Mario Johnson

No. 78, 98
- Position: Defensive tackle

Personal information
- Born: January 30, 1970 (age 56) St. Louis, Missouri, U.S.
- Listed height: 6 ft 3 in (1.91 m)
- Listed weight: 292 lb (132 kg)

Career information
- High school: Hazelwood Central (Florissant, Missouri)
- College: Missouri (1988–1991)
- NFL draft: 1992: 10th round, 266th overall pick

Career history
- New York Jets (1992–1993); New England Patriots (1993); Cleveland Browns (1994–1995)*;
- * Offseason or practice squad member only
- Stats at Pro Football Reference

= Mario Johnson =

American football player (born 1970)

Mario Chavez Johnson Jr. (born January 30, 1970) is an American former professional football defensive tackle who played in the National Football League (NFL) with the New York Jets and New England Patriots. He played college football for the Missouri Tigers and was selected by the Jets in the tenth round of the 1992 NFL draft.

==Early life==
Mario Chavez Johnson Jr. was born on January 30, 1970, in St. Louis, Missouri. He played high school football at Hazelwood Central in Florissant, Missouri. He earned USA Today All-USA High School Football Team honors in 1987.

==College career==
In February 1988, Johnson committed to the University of Missouri to play college football for the Tigers, joining his brother Lee. He was later ruled academically ineligible for the 1988 season, and was a three-year letterman from 1989 to 1991.

==Professional career==
Johnson was selected by the New York Jets in the tenth round, with the 266th overall pick, of the 1992 NFL draft. He signed with the team on July 23. He played in 14 games for the Jets during the 1992 season as a reserve defensive tackle and posted two sacks. Johnson was waived on September 22, 1993, after not not playing in the first two games of the 1993 season.

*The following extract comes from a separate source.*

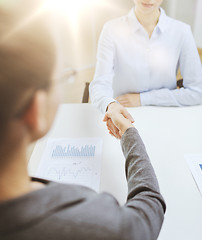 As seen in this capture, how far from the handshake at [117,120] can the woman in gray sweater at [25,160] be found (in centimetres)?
48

Johnson was claimed off waivers by the New England Patriots on September 23, 1993. He played in six games for the Patriots in 1993 as a backup defensive tackle. He was later released on July 17, 1994.

Johnson signed with the Cleveland Browns on July 20, 1994. He was released on August 28, 1994, re-signed on April 17, 1995, and released again on July 19, 1995.